Siamo di fronte all’ennesimo insediamento abusivo tollerato dall’Istituzione locale con decine e decine di quintali di rifiuti disseminati sul terreno.

L’oasi verde del Parco della Mistica si estende per 76 ettari con la sua pregevole biodiversità, il laghetto, la parte archeologica, l’agricoltura biologica, la pastorizia, la casa famiglia del Capitano Ultimo e la Falconeria, insieme alle strutture gestite dalla Comunità  di Capodarco e a quelle della Nazionale Cantanti, rischiano di dover convivere con tonnellate di rifiuti di ogni genere a causa di uno di quegli insediamenti che le varie istituzioni conoscono ma che fanno finta di non vedere.

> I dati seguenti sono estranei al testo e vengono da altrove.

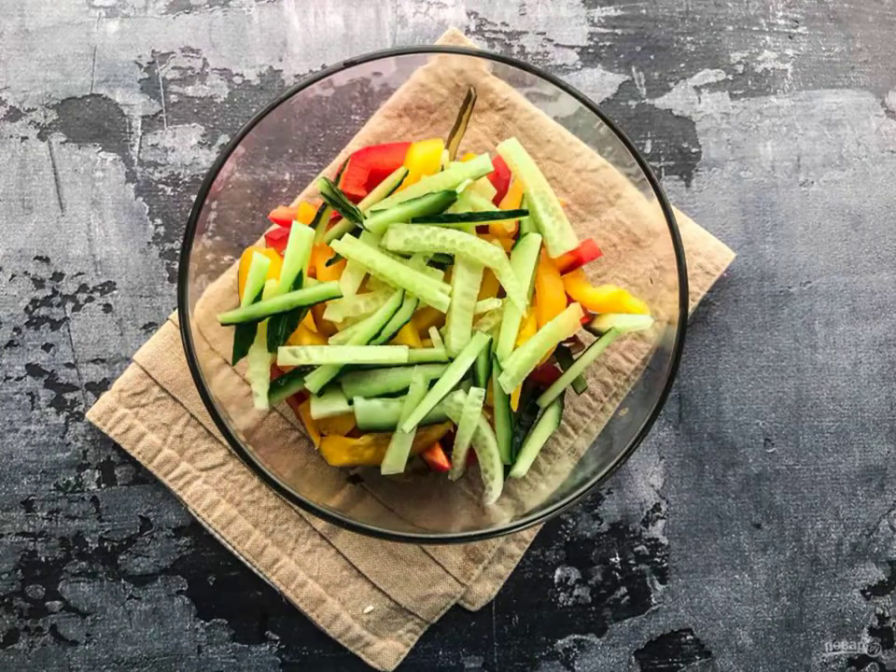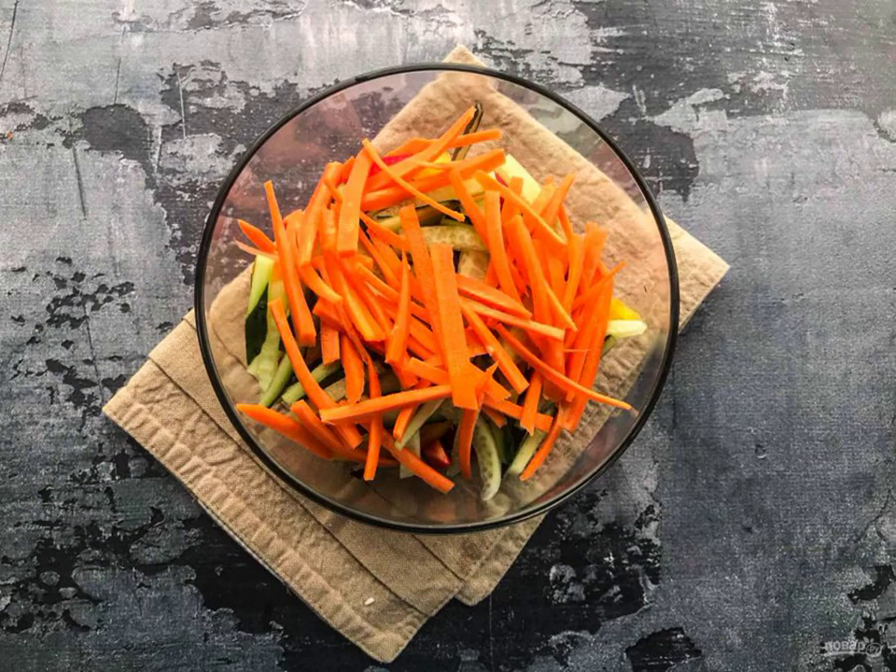Wash and chop the yellow pepper. Cut the cucumber into strips. Wash the carrots and cut them into strips.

Un laghetto, la sua biodiversità, tanto cara alle associazioni ambientaliste WWF, LIPU e Legambiente su tutte, e infine una produzione biologica di ortaggi rischiano di finire avvelenate dai rifiuti e da possibili sversamenti e interramenti di sostanze anche tossiche.

Dell resto il Parco Archeologico di Centocelle insegna. Inaugurato nel 2006 con la Giunta Veltroni era stato violentati per decenni da insediamenti abusivi con ben 2 campi Rom, uno denominato Casilino 700 smantellato durante la Giunta Rutelli e il Casilino 900 chiuso sul finale di mandato ral sindaco G. Alemanno.

Rimangono ferite ambientali tutt’altro che rimarginate e che vanno dalle decine e decine di tonnellate tonnellate di rifiuti di ogni genere interrate al momento dello smantellamento della baracche, alla mancata bonifica del Canalone.

In quest’ultimo un incendio dei rifiuti è avvenuto nelle cavità  sottostanti il 1° gennaio del 2017 e, nonostante una Ordinanza della Sindaca Raggi del 10 febbraio successivo per avviare la bonifica del sottosuolo, giacciono ancora da anni strati di rifiuti seppelliti con del terreno ad ogni “finta bonifica“  successiva a sgomberi di numerose famiglie Rom provenienti da altrettanti sgomberi.

Concludiamo chiedendo un risolutivo intervento a Mistica da parte del V Municipio. La questione l’ho portata anche nella trasmissione Roma di Sera condotta da Andrea Bozzi.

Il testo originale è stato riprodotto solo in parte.